● GIVEN DATA
========================================================================
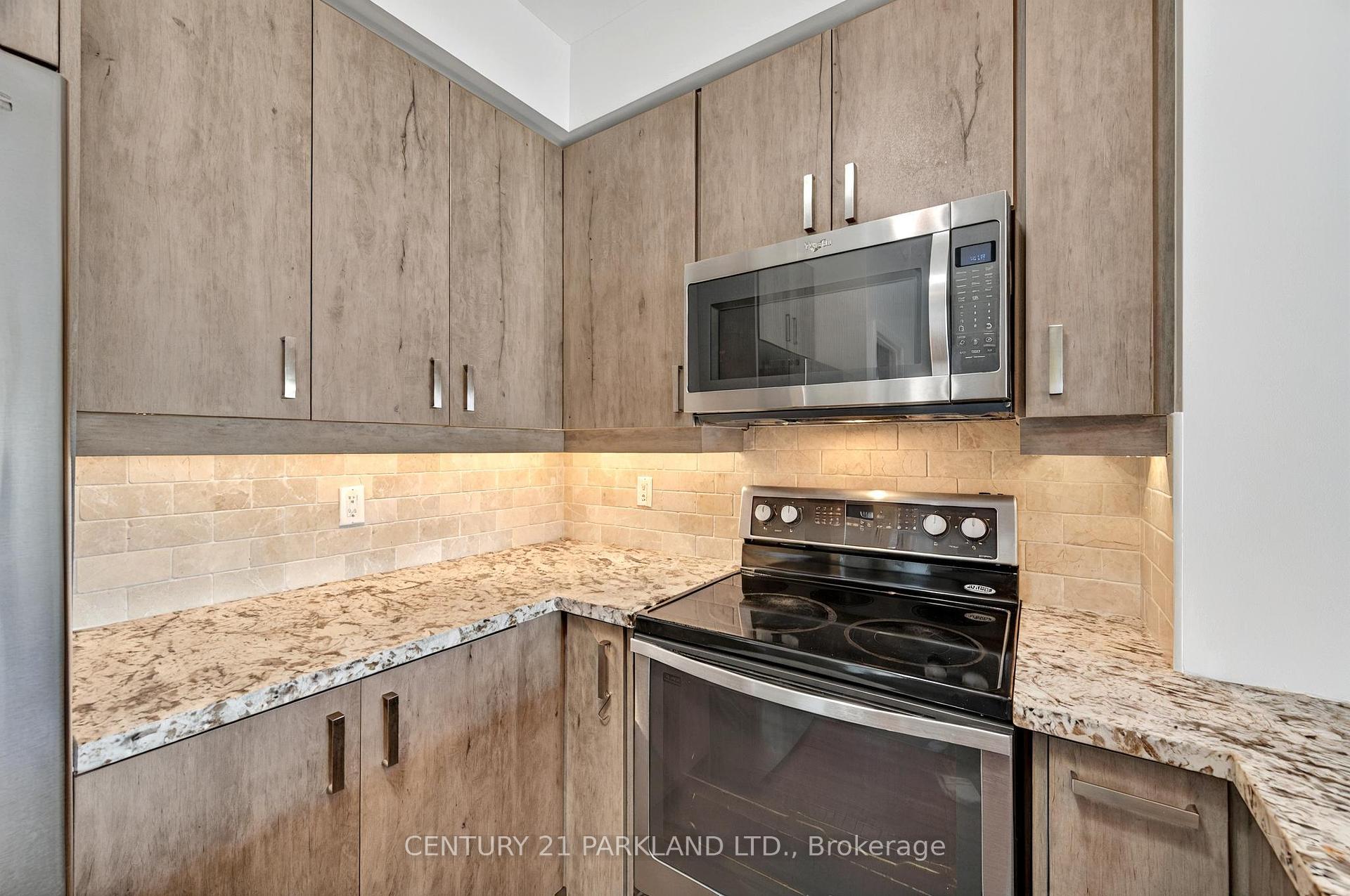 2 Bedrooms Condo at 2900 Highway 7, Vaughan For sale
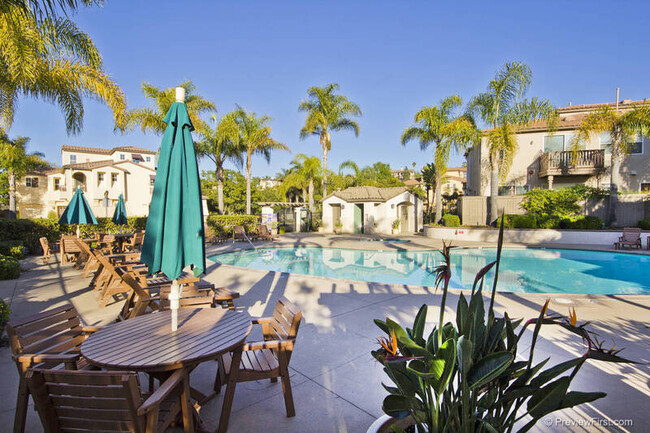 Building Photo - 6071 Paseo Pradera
========================================================================
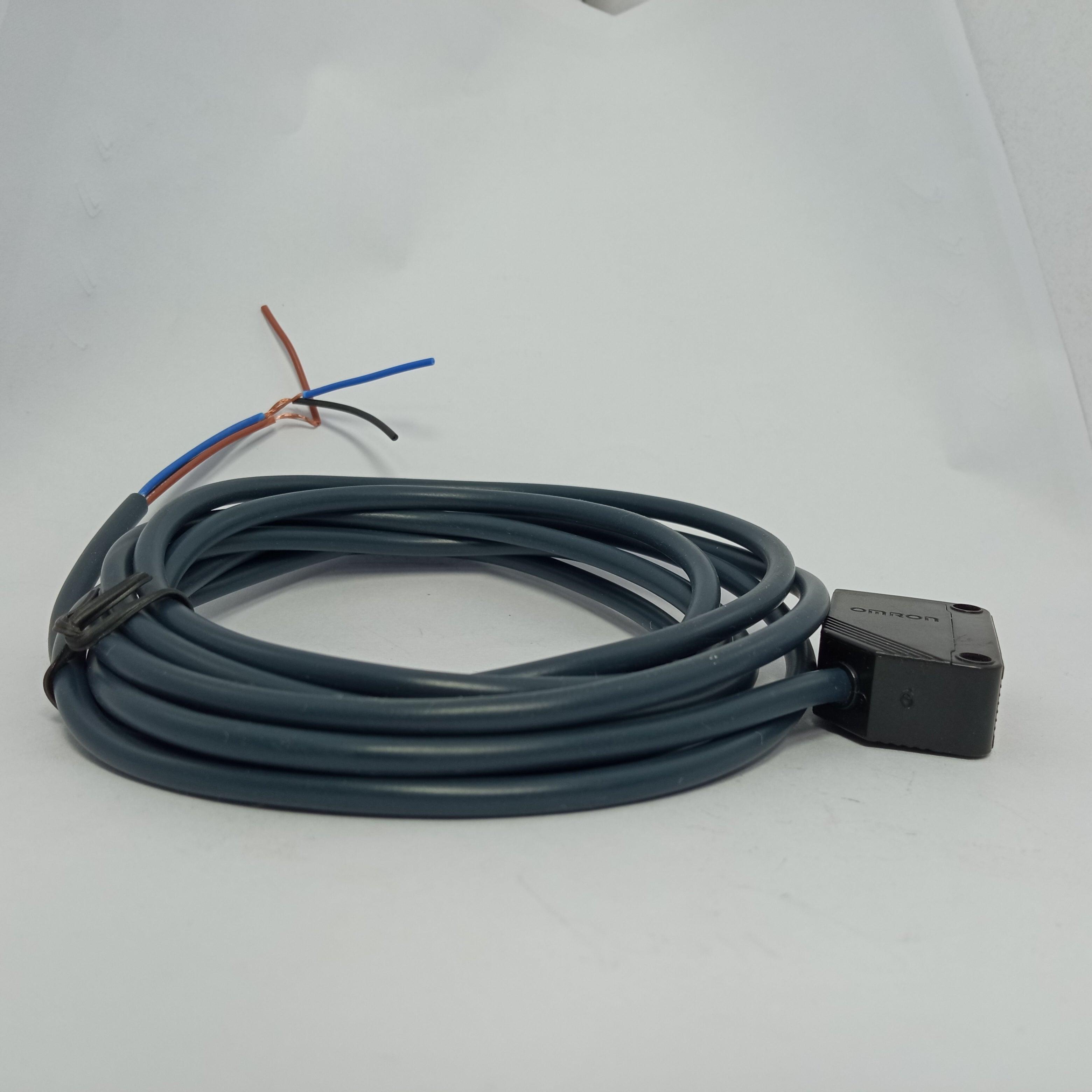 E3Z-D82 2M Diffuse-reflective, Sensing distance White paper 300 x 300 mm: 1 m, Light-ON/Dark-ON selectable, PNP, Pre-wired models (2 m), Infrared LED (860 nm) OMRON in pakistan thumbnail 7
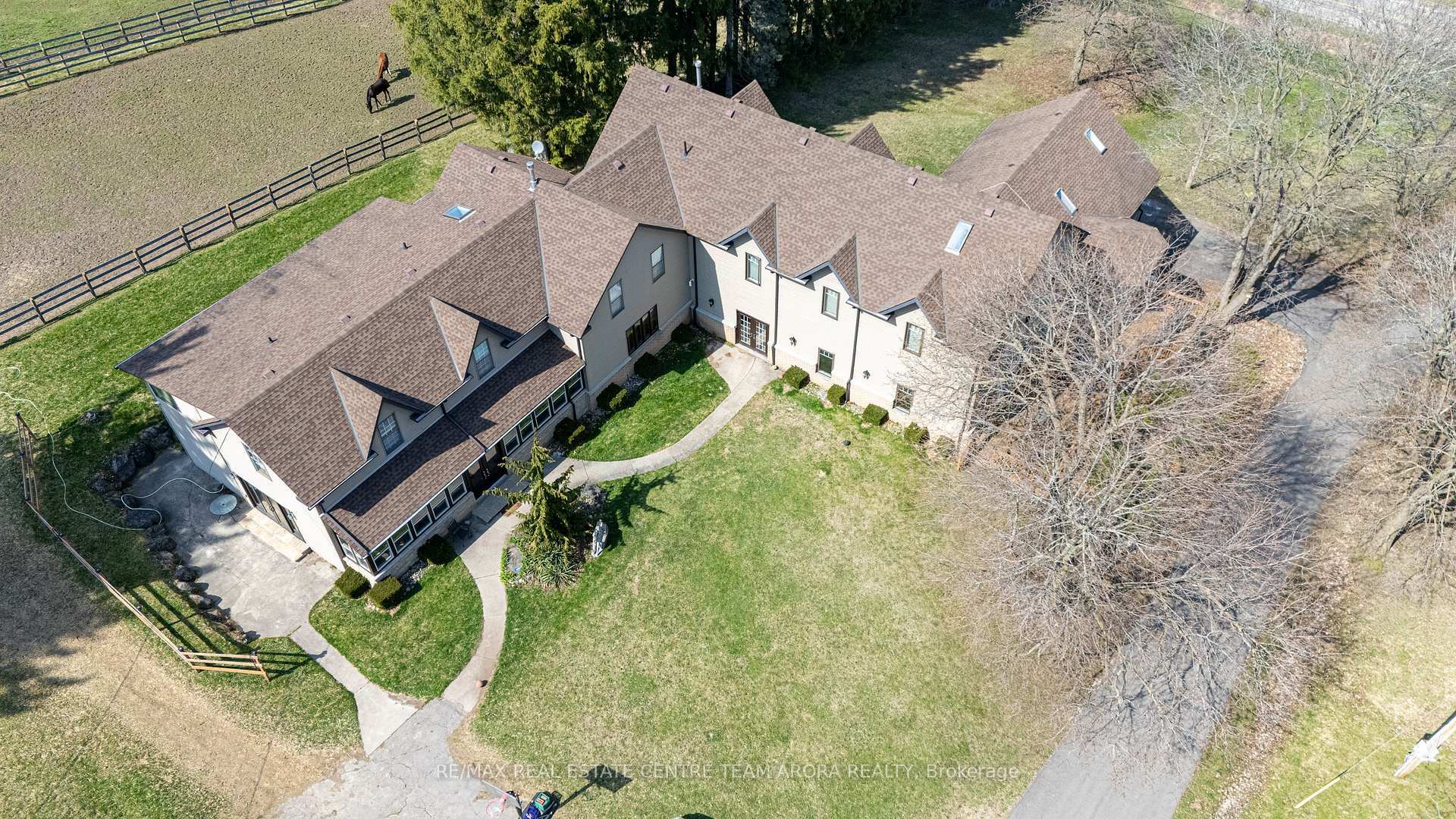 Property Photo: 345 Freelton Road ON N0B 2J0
========================================================================
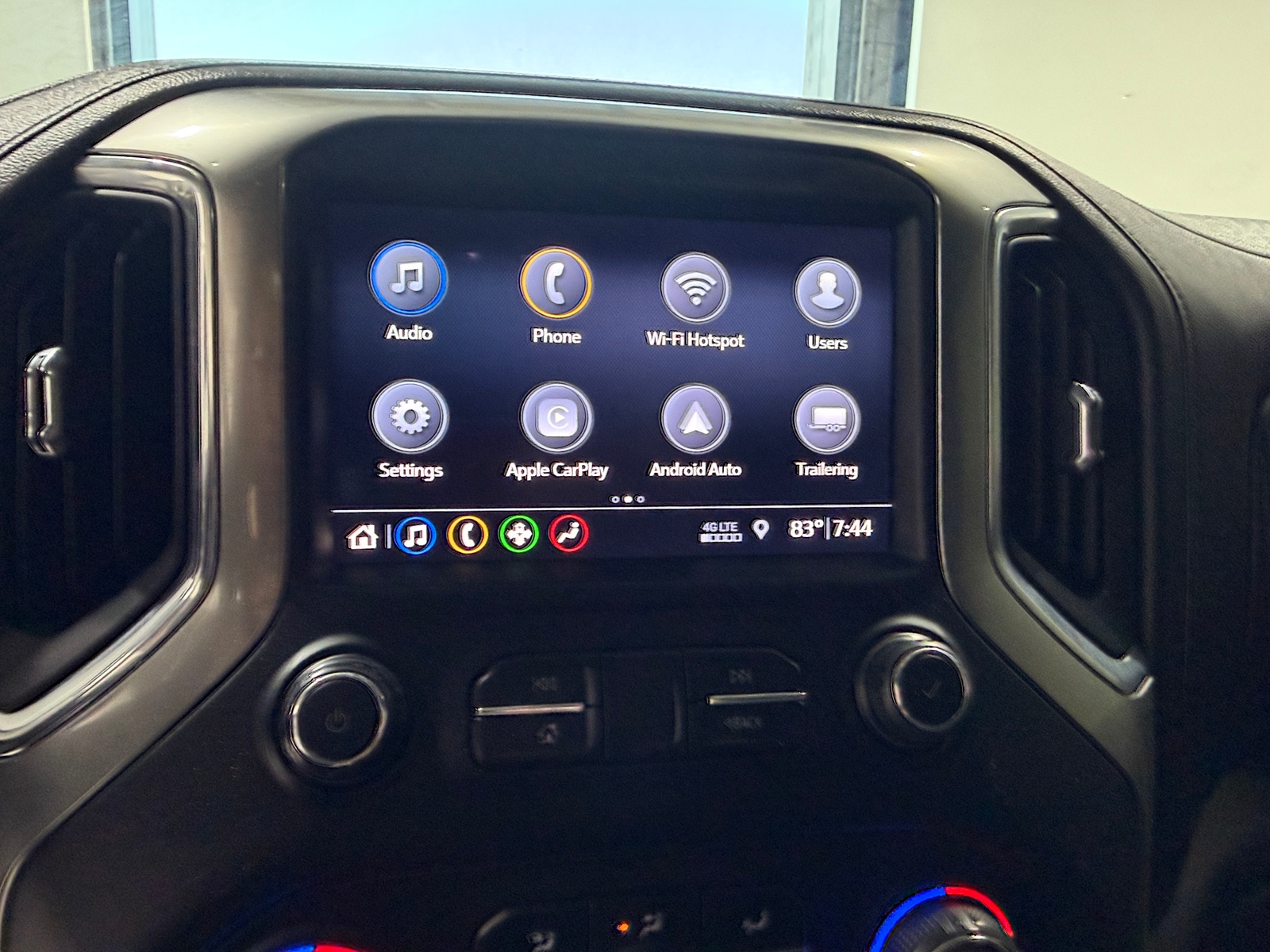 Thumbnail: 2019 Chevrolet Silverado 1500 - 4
========================================================================
Among the entries above, copy exactly the stretch from the line holding "2 Bedrooms Condo" through the line holding "Building Photo - 6071 Paseo Pradera", leaving out any pictures.

● TASK RESPONSE
 2 Bedrooms Condo at 2900 Highway 7, Vaughan For sale
 Building Photo - 6071 Paseo Pradera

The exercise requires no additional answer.